(Task requirements)
Transcribe, starting at the line with "Marc Jacobs Sunglasses MARC 434/S 010/IR" and ending at the line with "2026 Chevrolet Trailblazer Activ - Photo 10", every line of the material below exactly, but leave out the pictures and anything outside that span.

(Material provided)
┌──
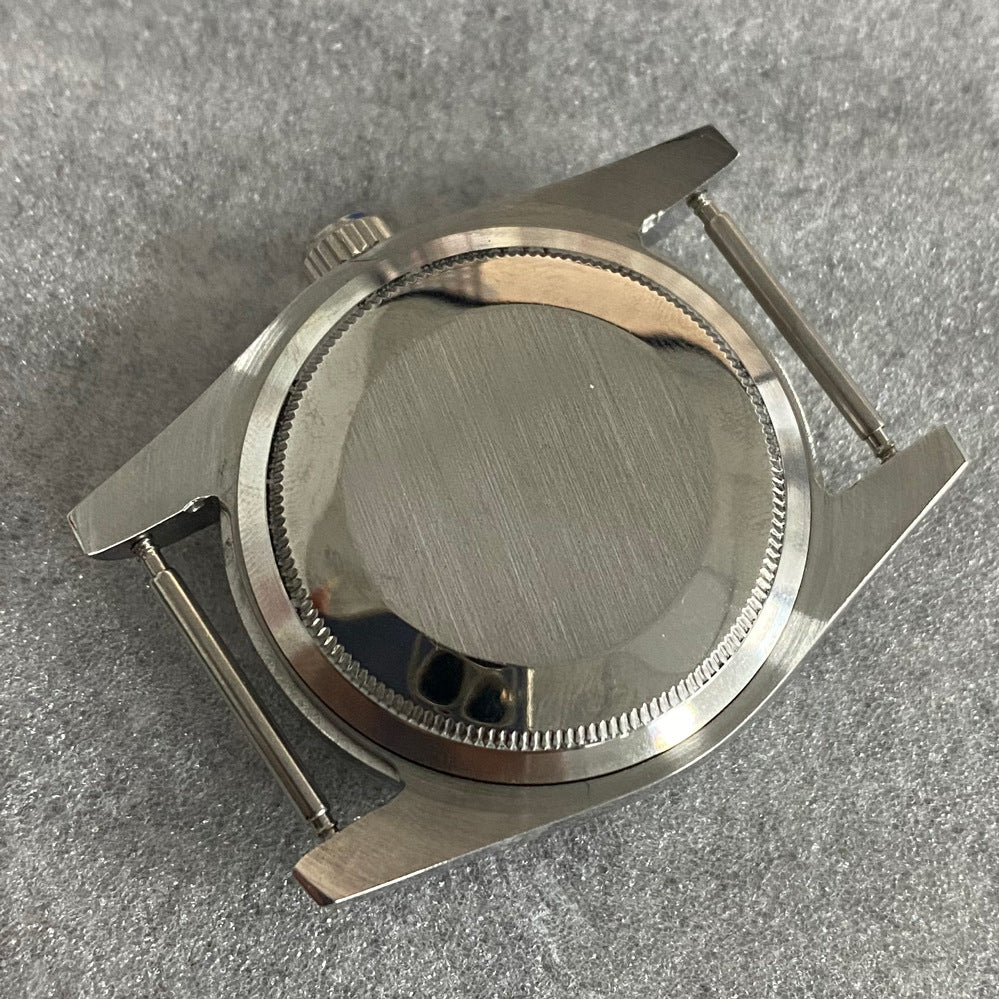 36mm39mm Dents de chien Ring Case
└──
┌──
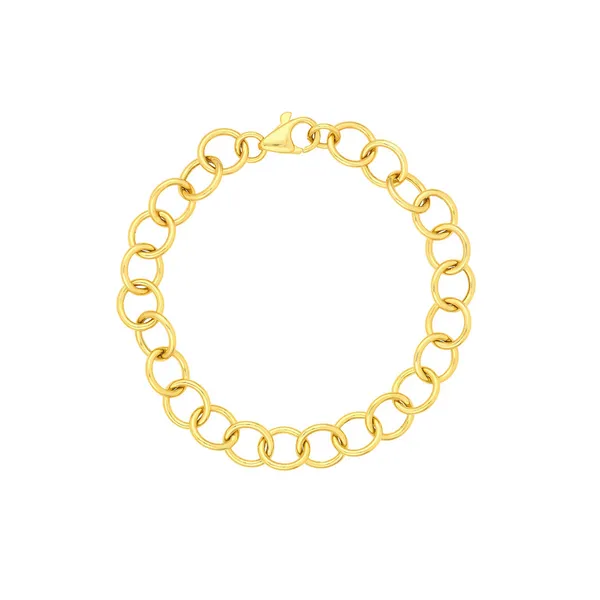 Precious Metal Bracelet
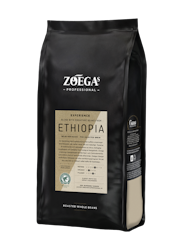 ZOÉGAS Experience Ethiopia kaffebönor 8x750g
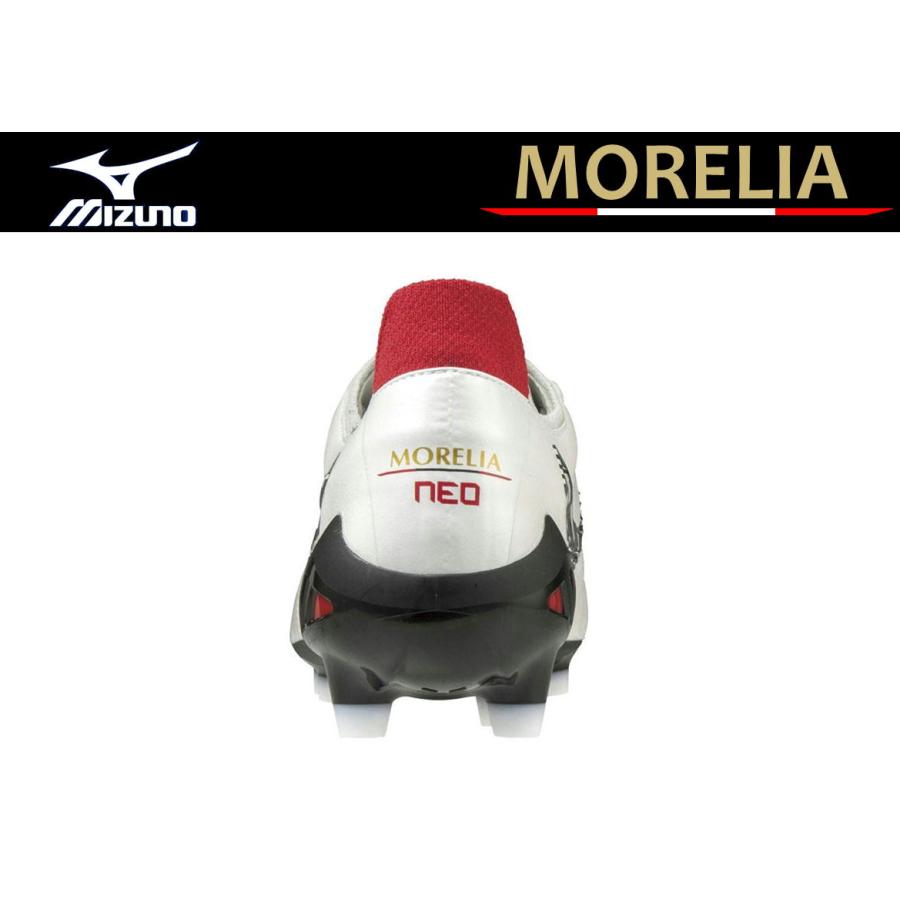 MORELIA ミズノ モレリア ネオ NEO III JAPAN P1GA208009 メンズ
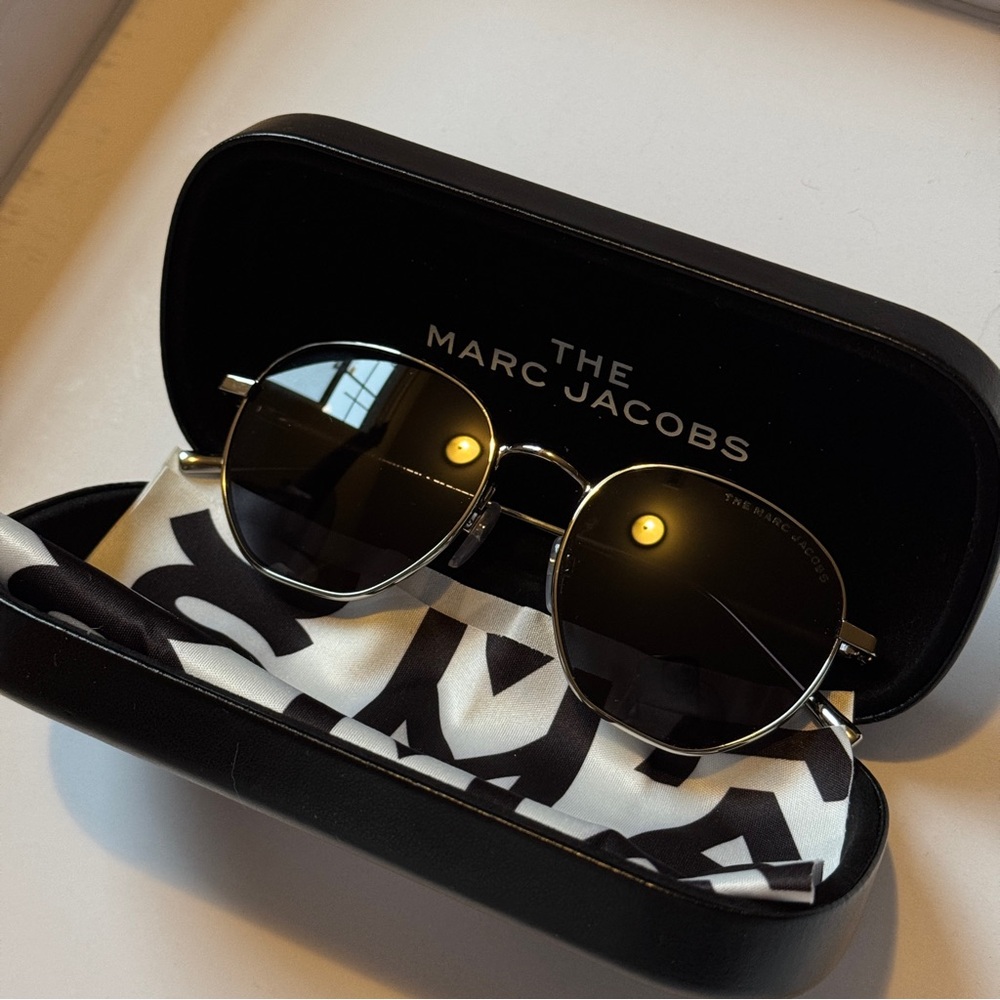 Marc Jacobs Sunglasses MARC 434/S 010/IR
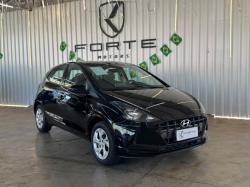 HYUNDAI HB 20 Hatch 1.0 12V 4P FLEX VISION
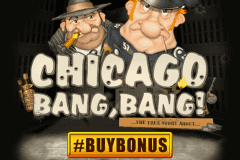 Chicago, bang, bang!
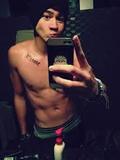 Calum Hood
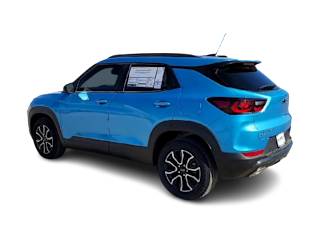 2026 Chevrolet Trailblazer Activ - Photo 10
└──
┌──
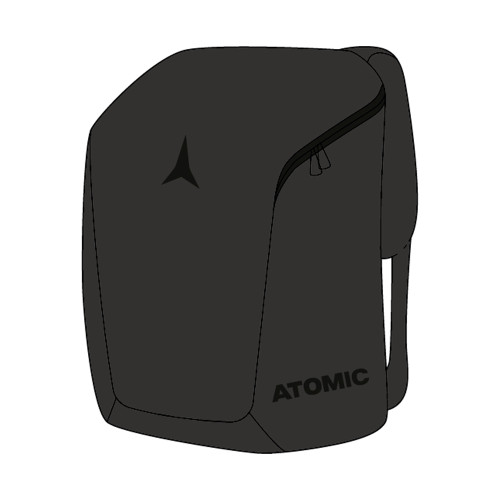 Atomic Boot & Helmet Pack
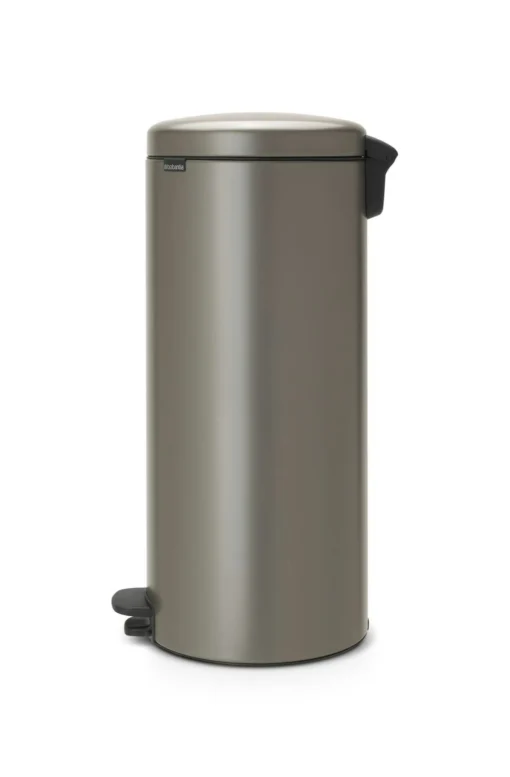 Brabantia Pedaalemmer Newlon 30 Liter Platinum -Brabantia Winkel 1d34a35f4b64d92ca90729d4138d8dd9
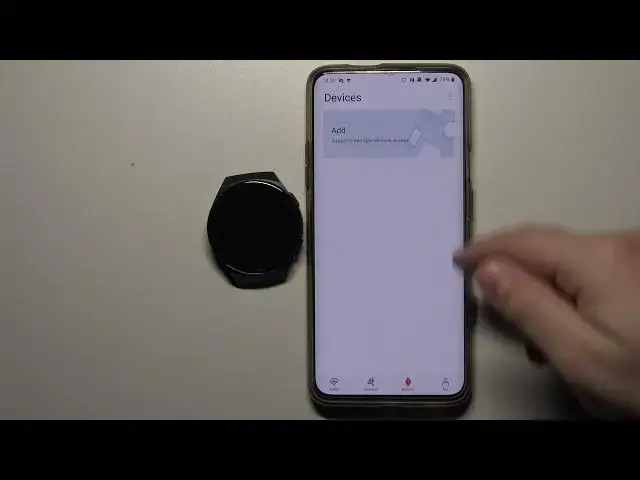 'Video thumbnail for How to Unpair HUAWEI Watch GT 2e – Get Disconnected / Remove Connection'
└──
(Exercise response)
 Marc Jacobs Sunglasses MARC 434/S 010/IR
 HYUNDAI HB 20 Hatch 1.0 12V 4P FLEX VISION
 Chicago, bang, bang!
 Calum Hood
 2026 Chevrolet Trailblazer Activ - Photo 10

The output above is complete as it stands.